Il était de plus en plus difficile pour Wolas Luder de réfréner son amertume, la fatigue commençait à prendre le pas. Il n'aimait pas du tout être attaqué de la sorte dans sa propre zone de confort.

Mais heureusement, il avait une excellente mémoire pour ce genre de choses.

"Oui, vous accompagniez votre mère, princesse du Cercle Koelin. Une excellente courtisane. Je vous avoue que son mariage avec le dauphin du Cercle Akva n'a étonné personne, dans mon pays. C'était une opportunité bien méritée pour elle."

La princesse fit ce qu'elle peut pour ne pas se décomposer. L'attaque que Luder venait de faire sur son rang et celui de sa mère était à la limite de l'acceptable, mais suffisamment bien enrobée pour qu'il soit impossible de s'en offusquer.

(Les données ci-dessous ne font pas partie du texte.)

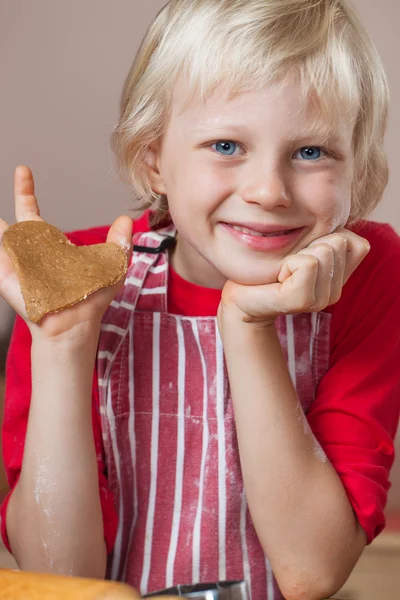 Cute boy holding up gingerbread love heart — Stock Photo, Image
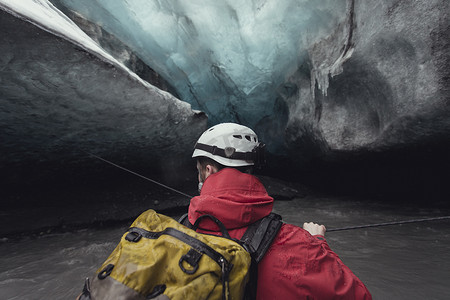 冰川运动摄影照片_冰岛瓦特纳约库尔国家公园瓦特纳约库尔冰川冰洞中一名男子用绳子过河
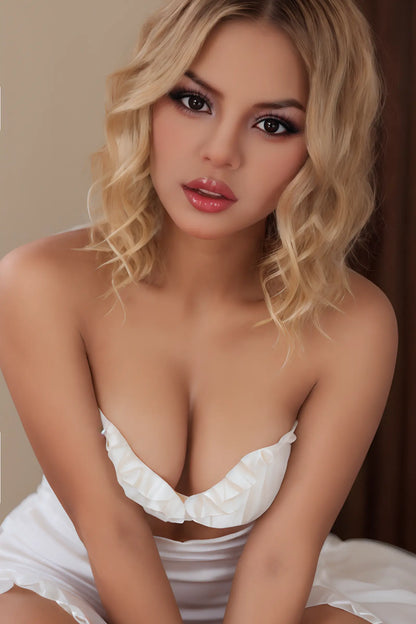 Solenne doll leaning forward in a white dress with short blonde waves framing her face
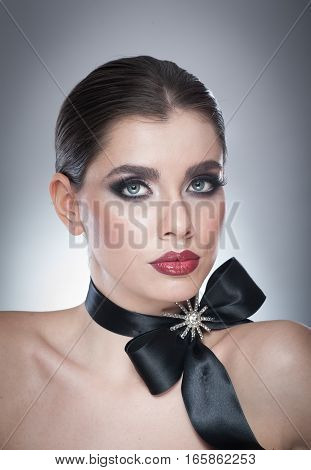 Hairstyle and Make up - beautiful female art portrait with black ribbon. Elegance. Genuine Natural brunette with ribbon - studio shot. Portrait of a attractive woman with beautiful eyes and red lips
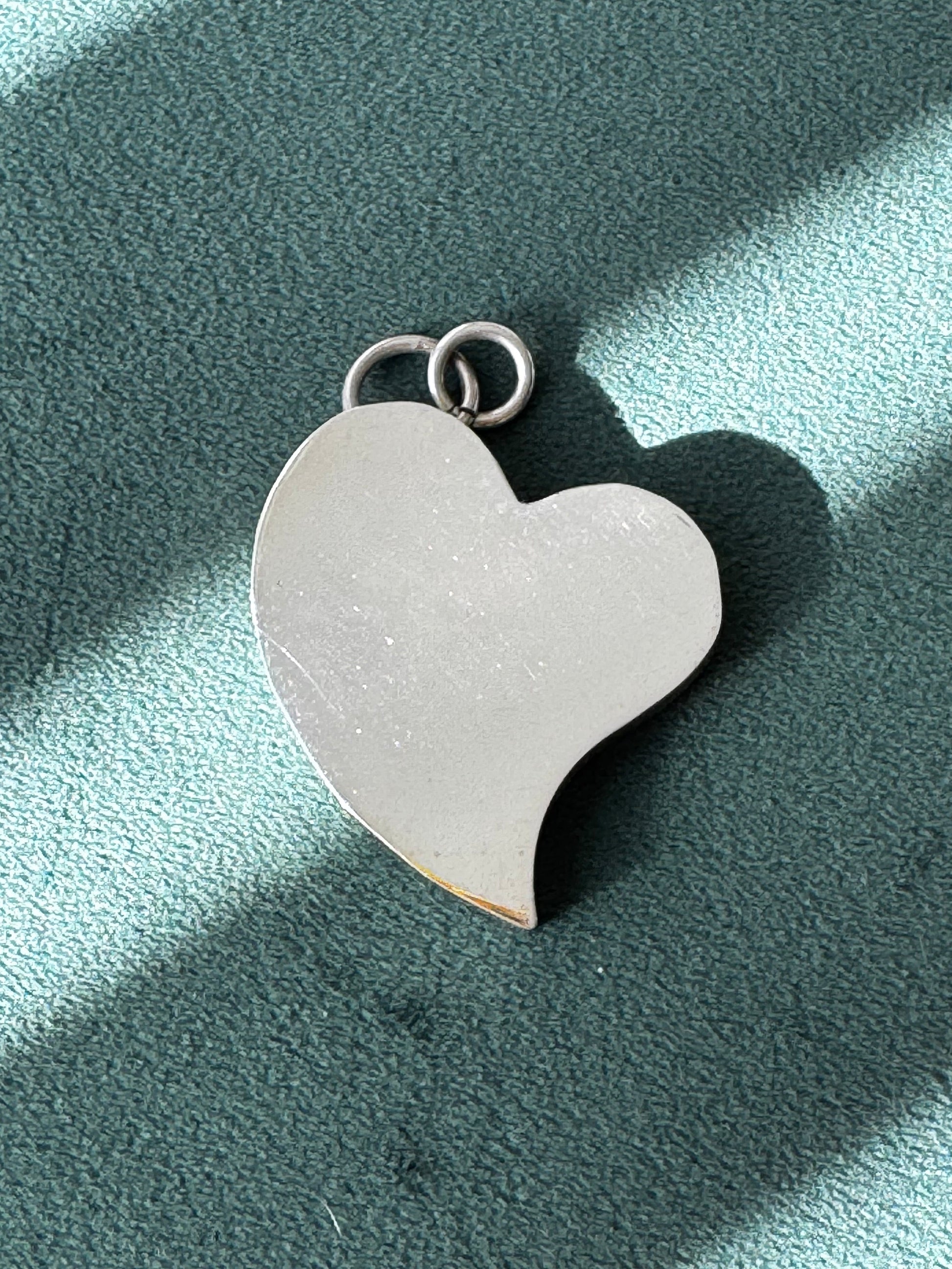 Heart-shaped pendant on a light blue background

La mère de la princesse Hilvalbasqué était connue pour détester qu'on mentionne ses origines de petite noblesse, et visiblement ce trait avait déteint sur sa fille.

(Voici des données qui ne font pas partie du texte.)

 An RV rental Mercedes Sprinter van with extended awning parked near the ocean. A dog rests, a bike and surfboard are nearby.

Mais cette dernière était encore trop jeune pour cacher suffisamment bien ses émotion et manquait de la répartie des courtisans de haut vol pour renvoyer une réponse cinglante.

Elle se leva, s'inclina, et tenta un "Je me ferai alors une joie de dire à maseigneure ma mère que vous la respectez ainsi."

Mais c'était de la pacotille, car il suffit à Wolas de répondre "Merci beaucoup ! Il me tarde de converser avec elle notre de notre prochaine rencontre."

Cela acheva la princesse, qui prit congé de manière plutôt maladroite.

"Et bien, vous avez la langue agile ce soir, mon très cher époux", lança avec amusement Dame Luder, une fois qu'ils firent seuls.

"Navré si je vous ai incommodée, mais la fatigue me gagne."

Elle balaya cette excuse du revers de la main. "N'en faites rien, j'aurais tout le loisir de la croiser à nouveau dans les jours qui viennent."

Ils se forçait encore à parler à demi-mots. Le couple Luder n'avait pas à leur disposition de gens qui montait la garde devant leur chambre, et il se devait de prendre des précautions si la princesse Hilvalbasqué avait décidé de laisser traîner ses oreilles sur le palier avant de regagner sa chambre.

Mais Wolas Luder avait immédiatement compris que sa femme désirait plus que tout de voir la discussion avec la jeune princesse écourtée.

"Donc, votre ami se porte bien ?"

"Oui," répondit Wolas, "nous avons un peu parlé des personne avec qui nous désirons converser, dans les jours qui viennent, et nous auront d'autres occasions de nous parler avec amitié."

"Fort bien." Dame Luder était satisfaite. Les plans de son époux suivaient leur chemin, malgré les difficultés qu'il avait subtilement évoquées tantôt.

Wolas se dirigea vers son coffre de voyage, sur lequel l'attendait ses parures du lendemain. Un collant blanc, une minijupe turquoise brodée d'argent, un corset beige, un boléro dégradé de rose et de turquoise surmonté d'une fourrure blanche comme neige et, pour couronner le tout, un très long foulard blanc transparent discrètement brodé du blason de leur famille.

"Vous êtes sûre de vous, mon amie ?" demander Wolas, surpris. "Nous sommes presque au-delà de la provocation, à ce stade, c'en est presque une insulte directe."

Dame Luder se leva et disposa l'ensemble sur le lit, formant une silhouette montrant à quoi ressemblerait l'ensemble une fois porté.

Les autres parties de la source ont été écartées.